Su muerte, en 2004, fue el motivo que llevó a Antonio Chenel
a sufrir una severa depresión y a vender su ganadería. el prestigioso
periodista y colaborador de magazine julio césar iglesias cuenta la increíble h
istoria de una relación que comenzó cuando, misteriosamente,
Romerito no embistió al matador como un toro bravo, sino que prefirió comerse
las bellotas que vareaba bajo una encina de su finca.
A primeros de octubre, Antoñete hablaba una vez más con
Pedro Gutiérrez Moya, el Niño de la
Capea.
–¿Cómo te va, Antonio?
–Todo ha cambiado desde que falta Romerito.
Ya sabes que con Romerito II, el sucesor, las cosas nunca
fueron iguales.
Con Atrevido y Siestecita, los otros sementales, tampoco.
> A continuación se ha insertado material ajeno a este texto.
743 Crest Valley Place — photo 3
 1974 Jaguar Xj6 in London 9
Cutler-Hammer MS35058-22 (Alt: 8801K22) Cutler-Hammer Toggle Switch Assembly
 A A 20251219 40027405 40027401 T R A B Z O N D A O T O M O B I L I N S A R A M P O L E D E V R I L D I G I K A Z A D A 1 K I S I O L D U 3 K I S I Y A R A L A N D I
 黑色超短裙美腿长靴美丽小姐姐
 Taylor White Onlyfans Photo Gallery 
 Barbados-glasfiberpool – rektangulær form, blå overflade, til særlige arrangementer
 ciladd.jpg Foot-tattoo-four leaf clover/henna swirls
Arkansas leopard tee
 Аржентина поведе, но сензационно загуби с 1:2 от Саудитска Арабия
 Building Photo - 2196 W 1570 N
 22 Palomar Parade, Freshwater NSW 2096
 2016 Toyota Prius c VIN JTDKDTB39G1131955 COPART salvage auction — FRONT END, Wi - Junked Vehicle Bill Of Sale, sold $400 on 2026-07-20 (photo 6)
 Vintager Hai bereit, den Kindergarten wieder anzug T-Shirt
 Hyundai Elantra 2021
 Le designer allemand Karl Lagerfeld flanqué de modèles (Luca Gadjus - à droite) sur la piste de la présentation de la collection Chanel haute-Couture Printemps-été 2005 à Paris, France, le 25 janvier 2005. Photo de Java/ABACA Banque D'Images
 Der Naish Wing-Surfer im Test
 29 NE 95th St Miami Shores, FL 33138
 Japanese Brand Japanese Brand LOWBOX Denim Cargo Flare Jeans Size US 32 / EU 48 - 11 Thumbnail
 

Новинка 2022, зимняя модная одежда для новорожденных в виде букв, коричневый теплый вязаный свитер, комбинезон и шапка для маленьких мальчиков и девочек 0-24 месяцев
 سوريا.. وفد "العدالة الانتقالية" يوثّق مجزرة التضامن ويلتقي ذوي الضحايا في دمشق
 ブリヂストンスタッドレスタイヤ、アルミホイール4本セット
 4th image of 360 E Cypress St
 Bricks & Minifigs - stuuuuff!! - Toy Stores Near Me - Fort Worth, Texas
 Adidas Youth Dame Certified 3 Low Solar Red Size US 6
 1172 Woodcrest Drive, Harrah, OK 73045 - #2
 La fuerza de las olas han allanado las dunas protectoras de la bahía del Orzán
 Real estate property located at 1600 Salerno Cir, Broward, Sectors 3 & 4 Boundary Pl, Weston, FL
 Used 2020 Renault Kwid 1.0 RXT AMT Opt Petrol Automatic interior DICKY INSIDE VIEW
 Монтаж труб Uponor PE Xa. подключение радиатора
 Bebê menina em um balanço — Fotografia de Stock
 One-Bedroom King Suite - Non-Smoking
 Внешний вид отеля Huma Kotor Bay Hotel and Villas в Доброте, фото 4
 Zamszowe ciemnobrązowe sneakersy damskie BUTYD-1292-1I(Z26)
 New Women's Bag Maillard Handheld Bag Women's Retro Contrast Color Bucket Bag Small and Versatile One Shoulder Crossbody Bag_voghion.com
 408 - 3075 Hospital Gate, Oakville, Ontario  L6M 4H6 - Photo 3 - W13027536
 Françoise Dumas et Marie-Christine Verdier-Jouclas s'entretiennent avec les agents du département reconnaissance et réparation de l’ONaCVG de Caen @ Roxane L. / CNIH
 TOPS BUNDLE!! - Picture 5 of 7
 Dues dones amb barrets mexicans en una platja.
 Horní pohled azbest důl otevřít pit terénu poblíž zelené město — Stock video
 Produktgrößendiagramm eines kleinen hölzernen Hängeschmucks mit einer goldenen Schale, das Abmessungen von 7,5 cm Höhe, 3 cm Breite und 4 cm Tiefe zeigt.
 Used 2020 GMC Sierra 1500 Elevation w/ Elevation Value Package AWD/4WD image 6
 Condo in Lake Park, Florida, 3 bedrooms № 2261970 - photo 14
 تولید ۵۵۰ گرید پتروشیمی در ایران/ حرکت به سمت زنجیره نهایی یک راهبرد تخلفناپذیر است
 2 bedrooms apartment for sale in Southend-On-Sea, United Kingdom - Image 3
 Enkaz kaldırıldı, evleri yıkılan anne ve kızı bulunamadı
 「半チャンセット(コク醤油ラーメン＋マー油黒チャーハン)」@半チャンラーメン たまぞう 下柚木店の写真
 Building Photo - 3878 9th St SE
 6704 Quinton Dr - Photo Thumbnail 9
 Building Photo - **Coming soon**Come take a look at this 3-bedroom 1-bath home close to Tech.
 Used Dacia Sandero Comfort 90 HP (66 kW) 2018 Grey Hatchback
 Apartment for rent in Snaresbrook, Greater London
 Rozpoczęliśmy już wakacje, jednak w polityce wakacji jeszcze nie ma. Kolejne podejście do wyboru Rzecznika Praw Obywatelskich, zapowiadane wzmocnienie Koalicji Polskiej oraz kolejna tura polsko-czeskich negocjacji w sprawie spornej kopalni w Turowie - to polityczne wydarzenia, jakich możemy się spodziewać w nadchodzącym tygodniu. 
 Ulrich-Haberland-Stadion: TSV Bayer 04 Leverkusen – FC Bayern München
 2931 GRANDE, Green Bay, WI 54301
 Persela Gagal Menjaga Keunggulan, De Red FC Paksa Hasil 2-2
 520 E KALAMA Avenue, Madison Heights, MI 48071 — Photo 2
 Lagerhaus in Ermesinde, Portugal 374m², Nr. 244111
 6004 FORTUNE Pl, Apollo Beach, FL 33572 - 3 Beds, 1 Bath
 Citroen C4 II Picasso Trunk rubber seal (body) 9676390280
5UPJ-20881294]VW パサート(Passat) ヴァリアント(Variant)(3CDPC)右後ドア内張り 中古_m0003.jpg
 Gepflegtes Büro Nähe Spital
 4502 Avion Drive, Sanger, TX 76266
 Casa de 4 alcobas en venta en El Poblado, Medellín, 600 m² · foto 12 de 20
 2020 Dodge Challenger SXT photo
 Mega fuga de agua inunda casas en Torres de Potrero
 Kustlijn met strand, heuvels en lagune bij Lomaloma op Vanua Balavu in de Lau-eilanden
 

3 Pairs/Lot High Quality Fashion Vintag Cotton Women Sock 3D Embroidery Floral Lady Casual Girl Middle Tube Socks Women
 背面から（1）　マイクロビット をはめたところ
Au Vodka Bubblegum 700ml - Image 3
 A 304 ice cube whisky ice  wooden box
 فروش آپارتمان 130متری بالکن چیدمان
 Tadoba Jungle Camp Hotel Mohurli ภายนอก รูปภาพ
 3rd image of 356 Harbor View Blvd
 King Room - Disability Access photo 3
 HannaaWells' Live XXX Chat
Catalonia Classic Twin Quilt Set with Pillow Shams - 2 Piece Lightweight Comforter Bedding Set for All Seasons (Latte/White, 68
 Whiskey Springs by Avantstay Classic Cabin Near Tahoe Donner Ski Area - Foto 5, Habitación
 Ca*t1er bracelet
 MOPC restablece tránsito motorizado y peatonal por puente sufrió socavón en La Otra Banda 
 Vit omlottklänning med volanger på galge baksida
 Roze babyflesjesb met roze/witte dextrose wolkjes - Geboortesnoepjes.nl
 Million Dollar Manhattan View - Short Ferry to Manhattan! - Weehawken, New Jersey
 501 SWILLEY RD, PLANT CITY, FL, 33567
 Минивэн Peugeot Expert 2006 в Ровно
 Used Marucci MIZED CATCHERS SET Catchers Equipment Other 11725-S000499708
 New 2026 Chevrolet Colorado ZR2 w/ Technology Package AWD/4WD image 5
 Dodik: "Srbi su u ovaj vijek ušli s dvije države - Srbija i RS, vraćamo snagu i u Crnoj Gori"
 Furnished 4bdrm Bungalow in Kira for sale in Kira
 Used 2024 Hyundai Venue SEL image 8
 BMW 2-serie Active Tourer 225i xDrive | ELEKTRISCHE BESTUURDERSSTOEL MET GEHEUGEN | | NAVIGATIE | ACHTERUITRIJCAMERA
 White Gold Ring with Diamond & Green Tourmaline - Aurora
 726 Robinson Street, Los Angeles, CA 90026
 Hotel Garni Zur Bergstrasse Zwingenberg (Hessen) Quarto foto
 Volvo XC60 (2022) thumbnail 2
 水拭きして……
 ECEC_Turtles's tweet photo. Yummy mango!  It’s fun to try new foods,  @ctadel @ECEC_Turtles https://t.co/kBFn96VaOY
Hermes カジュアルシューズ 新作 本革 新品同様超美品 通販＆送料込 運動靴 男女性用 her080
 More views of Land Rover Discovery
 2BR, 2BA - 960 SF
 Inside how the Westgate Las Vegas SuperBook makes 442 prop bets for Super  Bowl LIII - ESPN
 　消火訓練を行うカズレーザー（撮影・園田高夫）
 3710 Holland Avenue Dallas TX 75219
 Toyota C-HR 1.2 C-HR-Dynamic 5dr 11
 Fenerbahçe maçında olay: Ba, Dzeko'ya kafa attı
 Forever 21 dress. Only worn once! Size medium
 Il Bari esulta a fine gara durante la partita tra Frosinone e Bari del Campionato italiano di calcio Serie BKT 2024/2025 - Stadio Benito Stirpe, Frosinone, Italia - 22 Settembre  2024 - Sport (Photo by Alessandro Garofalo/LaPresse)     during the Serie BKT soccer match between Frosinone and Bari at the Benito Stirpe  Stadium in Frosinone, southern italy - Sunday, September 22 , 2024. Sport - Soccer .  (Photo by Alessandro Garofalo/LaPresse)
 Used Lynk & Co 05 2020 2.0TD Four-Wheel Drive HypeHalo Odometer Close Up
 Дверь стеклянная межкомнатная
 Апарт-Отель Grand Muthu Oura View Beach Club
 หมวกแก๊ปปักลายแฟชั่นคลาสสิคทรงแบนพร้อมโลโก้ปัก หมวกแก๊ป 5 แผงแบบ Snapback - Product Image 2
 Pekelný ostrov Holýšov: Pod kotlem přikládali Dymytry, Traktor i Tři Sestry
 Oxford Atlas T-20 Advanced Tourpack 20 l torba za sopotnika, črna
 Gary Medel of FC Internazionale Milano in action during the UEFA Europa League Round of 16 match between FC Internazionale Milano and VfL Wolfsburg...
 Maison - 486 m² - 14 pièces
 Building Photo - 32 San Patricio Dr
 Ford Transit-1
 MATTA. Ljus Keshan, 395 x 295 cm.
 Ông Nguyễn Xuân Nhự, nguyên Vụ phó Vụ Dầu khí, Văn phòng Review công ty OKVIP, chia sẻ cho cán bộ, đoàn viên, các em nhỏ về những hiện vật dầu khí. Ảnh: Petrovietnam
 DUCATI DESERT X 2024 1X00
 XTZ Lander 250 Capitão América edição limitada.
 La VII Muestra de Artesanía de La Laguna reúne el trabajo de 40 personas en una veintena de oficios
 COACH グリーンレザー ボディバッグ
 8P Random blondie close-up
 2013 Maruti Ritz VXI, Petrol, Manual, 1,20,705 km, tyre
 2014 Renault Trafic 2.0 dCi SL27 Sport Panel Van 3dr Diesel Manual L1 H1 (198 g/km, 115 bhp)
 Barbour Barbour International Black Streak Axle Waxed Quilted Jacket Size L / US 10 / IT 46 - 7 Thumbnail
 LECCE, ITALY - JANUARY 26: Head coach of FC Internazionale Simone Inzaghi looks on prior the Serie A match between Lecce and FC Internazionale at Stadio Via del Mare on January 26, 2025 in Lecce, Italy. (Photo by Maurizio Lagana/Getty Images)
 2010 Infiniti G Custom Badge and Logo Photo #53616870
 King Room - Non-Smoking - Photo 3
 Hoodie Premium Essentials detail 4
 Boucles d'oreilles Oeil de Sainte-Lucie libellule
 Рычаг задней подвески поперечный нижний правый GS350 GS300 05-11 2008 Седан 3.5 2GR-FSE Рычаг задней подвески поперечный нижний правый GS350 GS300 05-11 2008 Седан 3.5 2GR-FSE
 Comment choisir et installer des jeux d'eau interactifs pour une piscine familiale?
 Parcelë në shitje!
A
finales de junio me he desprendido de la ganadería.
Romerito fue un toro puro Murube que Capea le regaló en
1993. Poco antes, Antonio había comprado 25 vacas del mismo encaste. Sería una
especie de patriarca de la ganadería con la que pensaba cumplir un sueño
pendiente: su último sueño profesional.
Las razones de esa preferencia eran muy simples.
Fiel al principio según el cual todo torero hace su carrera
a partir de un único toro, Antonio Chenel (Madrid, 1932) llevaba en la cabeza a
un murube de Bohórquez al que le había cortado las dos orejas en su temporada
de alternativa.
La fijeza de aquel Casablanca y su galope templado y
progresivo estaban hechos para una muleta de alta costura como la suya.
Representaba su ideal de toro, así que...
Pedro y Carmen Capea decidieron regalarle a Romerito.
Era utrero y procedía de una tienta de machos, un casting de
sementales que habían organizado como siempre en Espino, su finca salmantina de
San Pelayo de Guareña.
Participaron en él Mario Herrero y Javier Conde, fue lidiado
por Mario y recibió una buena calificación: sobresaliente en el caballo y
notable en la muleta. «Bravísimo y muy pronto, pero demasiado agresivo», anotó
Pedro en su cuaderno de campo.
Además era listón; tenía el espinazo rubio, y a Pedro, muy
escrupuloso con tipos, colores y comportamientos, le gustaban las capas negras.
Un día sonó el teléfono.
Llamaba Antoñete: dijo que iba a emprender su aventura de
ganadero. Había comprado una punta de 25 vacas.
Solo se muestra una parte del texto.